*** INFORMATION ***
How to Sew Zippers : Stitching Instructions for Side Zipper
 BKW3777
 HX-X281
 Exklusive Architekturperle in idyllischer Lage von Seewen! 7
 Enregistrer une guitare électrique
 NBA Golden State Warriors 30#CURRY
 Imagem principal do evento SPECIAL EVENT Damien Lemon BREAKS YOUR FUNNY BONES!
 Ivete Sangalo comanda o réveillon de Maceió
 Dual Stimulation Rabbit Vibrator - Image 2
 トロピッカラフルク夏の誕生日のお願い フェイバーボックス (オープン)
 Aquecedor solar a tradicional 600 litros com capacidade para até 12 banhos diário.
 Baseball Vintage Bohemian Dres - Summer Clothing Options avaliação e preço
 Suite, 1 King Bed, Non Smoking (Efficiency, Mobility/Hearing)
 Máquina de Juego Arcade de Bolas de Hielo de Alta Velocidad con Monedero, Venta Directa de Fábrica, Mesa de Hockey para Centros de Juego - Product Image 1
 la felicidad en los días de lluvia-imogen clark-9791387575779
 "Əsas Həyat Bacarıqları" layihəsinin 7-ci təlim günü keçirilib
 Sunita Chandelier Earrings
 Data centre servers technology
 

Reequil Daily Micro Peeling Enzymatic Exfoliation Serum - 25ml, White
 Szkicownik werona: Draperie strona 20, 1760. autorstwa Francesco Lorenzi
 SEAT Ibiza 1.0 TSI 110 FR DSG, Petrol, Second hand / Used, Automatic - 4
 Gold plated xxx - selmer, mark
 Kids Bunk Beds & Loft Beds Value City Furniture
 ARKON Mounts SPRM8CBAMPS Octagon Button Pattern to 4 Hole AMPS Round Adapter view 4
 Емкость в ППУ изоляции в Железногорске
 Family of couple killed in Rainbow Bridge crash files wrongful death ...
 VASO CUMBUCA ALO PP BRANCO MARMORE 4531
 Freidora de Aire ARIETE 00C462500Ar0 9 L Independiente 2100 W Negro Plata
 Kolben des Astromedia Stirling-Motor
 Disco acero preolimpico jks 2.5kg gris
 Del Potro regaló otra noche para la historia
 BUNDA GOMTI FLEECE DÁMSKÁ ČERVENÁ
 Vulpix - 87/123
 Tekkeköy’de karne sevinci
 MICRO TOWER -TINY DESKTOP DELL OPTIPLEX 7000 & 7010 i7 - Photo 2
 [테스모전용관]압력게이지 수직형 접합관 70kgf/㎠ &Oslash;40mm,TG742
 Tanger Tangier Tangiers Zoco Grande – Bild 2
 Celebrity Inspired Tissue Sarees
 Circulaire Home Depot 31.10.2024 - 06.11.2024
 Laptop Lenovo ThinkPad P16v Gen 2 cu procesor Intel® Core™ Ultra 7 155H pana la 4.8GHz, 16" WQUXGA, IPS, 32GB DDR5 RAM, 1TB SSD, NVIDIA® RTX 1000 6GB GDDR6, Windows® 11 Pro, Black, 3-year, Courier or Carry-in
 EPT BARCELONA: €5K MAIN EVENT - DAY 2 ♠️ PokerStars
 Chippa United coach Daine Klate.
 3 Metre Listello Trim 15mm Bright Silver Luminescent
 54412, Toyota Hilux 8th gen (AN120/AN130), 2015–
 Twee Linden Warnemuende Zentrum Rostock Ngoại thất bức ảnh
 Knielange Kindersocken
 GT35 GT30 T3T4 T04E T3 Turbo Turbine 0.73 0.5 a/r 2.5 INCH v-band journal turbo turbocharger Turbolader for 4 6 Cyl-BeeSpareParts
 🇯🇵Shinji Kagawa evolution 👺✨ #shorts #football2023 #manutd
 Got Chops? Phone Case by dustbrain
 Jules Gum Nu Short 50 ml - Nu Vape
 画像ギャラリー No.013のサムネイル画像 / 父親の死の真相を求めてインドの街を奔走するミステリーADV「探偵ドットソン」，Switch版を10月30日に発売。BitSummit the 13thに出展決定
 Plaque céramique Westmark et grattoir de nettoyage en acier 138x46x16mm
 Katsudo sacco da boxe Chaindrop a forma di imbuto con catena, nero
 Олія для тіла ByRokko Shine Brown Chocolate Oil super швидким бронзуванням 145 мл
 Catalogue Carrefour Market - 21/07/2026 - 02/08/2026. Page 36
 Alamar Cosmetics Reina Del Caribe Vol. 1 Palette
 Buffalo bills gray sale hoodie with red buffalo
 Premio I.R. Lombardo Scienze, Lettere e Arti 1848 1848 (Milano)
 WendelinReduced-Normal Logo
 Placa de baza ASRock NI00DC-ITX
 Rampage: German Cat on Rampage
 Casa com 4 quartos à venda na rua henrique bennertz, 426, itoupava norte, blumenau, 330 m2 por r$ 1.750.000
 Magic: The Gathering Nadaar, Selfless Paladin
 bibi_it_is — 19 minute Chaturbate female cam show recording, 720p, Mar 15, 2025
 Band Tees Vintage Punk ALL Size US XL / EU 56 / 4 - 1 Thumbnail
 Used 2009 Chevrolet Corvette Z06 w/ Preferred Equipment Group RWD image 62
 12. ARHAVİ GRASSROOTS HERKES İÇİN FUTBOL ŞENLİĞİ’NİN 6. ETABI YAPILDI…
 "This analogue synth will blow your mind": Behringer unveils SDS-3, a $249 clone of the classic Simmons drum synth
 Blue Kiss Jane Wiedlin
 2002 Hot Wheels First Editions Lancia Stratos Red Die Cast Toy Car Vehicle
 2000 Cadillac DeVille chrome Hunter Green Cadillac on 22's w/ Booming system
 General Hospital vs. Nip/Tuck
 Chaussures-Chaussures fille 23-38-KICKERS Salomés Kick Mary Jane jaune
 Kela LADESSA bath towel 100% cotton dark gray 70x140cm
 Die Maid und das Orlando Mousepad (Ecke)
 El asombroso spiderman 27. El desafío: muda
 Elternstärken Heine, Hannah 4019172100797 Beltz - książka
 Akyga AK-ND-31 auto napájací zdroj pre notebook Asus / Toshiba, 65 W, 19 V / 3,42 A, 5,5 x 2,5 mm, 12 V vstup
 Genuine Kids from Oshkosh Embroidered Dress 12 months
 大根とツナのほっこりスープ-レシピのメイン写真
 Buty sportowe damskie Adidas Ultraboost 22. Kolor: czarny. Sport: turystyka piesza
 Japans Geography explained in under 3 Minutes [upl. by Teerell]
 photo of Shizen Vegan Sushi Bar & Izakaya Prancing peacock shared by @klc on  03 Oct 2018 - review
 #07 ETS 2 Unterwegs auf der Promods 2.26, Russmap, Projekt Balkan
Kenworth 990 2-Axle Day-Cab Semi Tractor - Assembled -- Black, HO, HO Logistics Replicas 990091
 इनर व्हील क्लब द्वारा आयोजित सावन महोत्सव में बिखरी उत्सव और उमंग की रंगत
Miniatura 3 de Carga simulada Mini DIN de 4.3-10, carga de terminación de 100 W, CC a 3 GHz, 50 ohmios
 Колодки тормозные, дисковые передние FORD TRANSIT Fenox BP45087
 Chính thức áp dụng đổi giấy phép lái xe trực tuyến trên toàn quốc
*** End of INFORMATION ***
INSTRUCTIONS FOR THE TASK:
Your answer must consist solely of the lines above between the line holding "Die Maid und das Orlando Mousepad (Ecke)" and the line holding "Japans Geography explained", inclusive, copied exactly.

TASK RESULT:
 Die Maid und das Orlando Mousepad (Ecke)
 El asombroso spiderman 27. El desafío: muda
 Elternstärken Heine, Hannah 4019172100797 Beltz - książka
 Akyga AK-ND-31 auto napájací zdroj pre notebook Asus / Toshiba, 65 W, 19 V / 3,42 A, 5,5 x 2,5 mm, 12 V vstup
 Genuine Kids from Oshkosh Embroidered Dress 12 months
 大根とツナのほっこりスープ-レシピのメイン写真
 Buty sportowe damskie Adidas Ultraboost 22. Kolor: czarny. Sport: turystyka piesza
 Japans Geography explained in under 3 Minutes [upl. by Teerell]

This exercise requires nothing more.